The standalone mode can only work with the graph data with one partition

navmarri · February 16, 2021, 11:00pm

I’m trying to perform distributed training on an instance with 8GPUs. I have a graph with 8.5M nodes and 1.2B edges. I created 8 partitions

dgl.distributed.partition_graph(graph, 'graph_partition', 8, 'partitions/')

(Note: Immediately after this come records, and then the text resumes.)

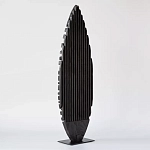 Скульптура «Лист» варинант исполнения - 4 | Loft Concept в Сочи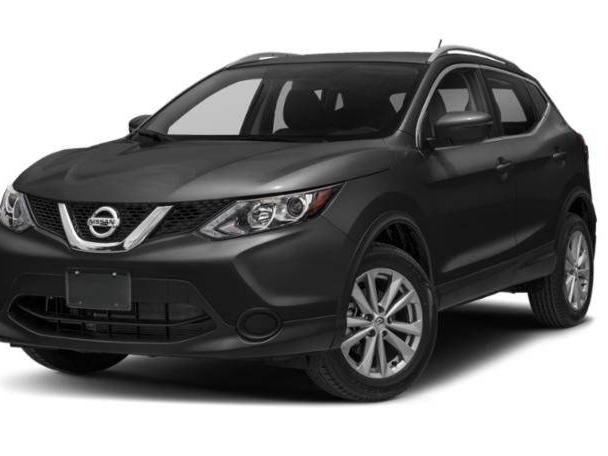 NISSAN ROGUE SPORT 2019 JN1BJ1CP3KW216206 image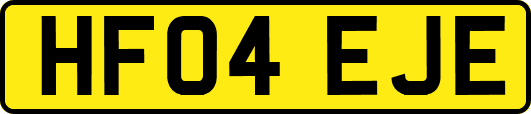 HF04EJE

When I try to load the partitoned graph into memory, I get the following error

>>> g = dgl.distributed.DistGraph('graph_partition', part_config='partitions/graph_partition.json')
Traceback (most recent call last):
  File "<stdin>", line 1, in <module>
  File "/home/ubuntu/anaconda3/envs/tensorflow2_p36/lib/python3.6/site-packages/dgl/distributed/dist_graph.py", line 390, in __init__
    'The standalone mode can only work with the graph data with one partition'
AssertionError: The standalone mode can only work with the graph data with one partition

Is distributed training supported for single instance with multiple GPUs?

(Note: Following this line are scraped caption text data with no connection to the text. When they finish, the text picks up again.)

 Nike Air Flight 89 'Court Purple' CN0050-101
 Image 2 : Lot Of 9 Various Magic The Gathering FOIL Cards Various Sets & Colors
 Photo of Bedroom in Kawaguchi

VoVAllen · February 18, 2021, 8:49am

Please follow https://github.com/dmlc/dgl/blob/master/examples/pytorch/graphsage/train_sampling_multi_gpu.py when you are running on single machine with multi-gpu. Standalone mode is mainly for debugging usage.

navmarri · February 19, 2021, 10:06pm

This example doesn’t deal with DistDataLoader. I’m getting out of memory issues when training using dgl.dataloading.EdgeDataLoader on a graph with 8M nodes and 1.2B edges. My machine has 480GB.
I’m wondering if I can levearge partition graph to train in distributed fashion.But looks like it is not supported in single machine(multiple GPUs). Is that the case?

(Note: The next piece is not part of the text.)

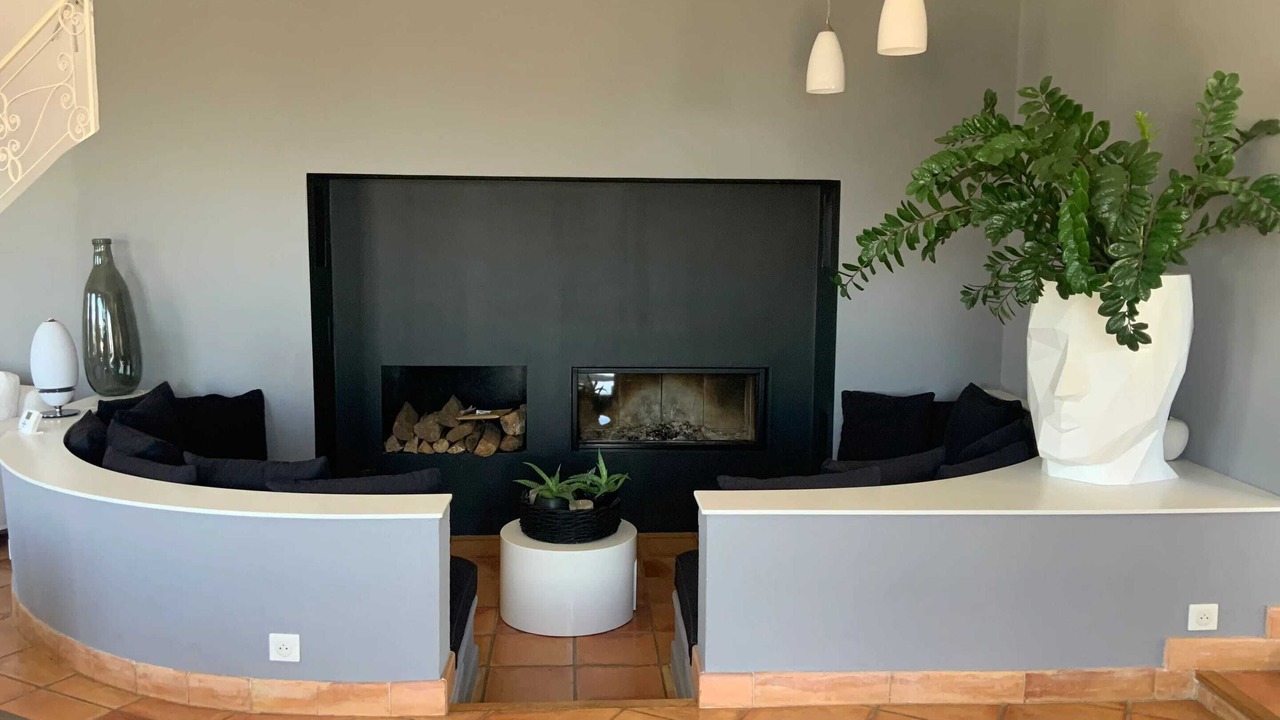 Photo of Livingroom in Aspremont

VoVAllen · February 22, 2021, 7:17am

Partition won’t help in this case since you always need to load the whole graph in the memory. Which code are you following for multi GPU training?
Are you OOM on cpu memory or gpu memory?

system · March 24, 2021, 7:18am

This topic was automatically closed 30 days after the last reply. New replies are no longer allowed.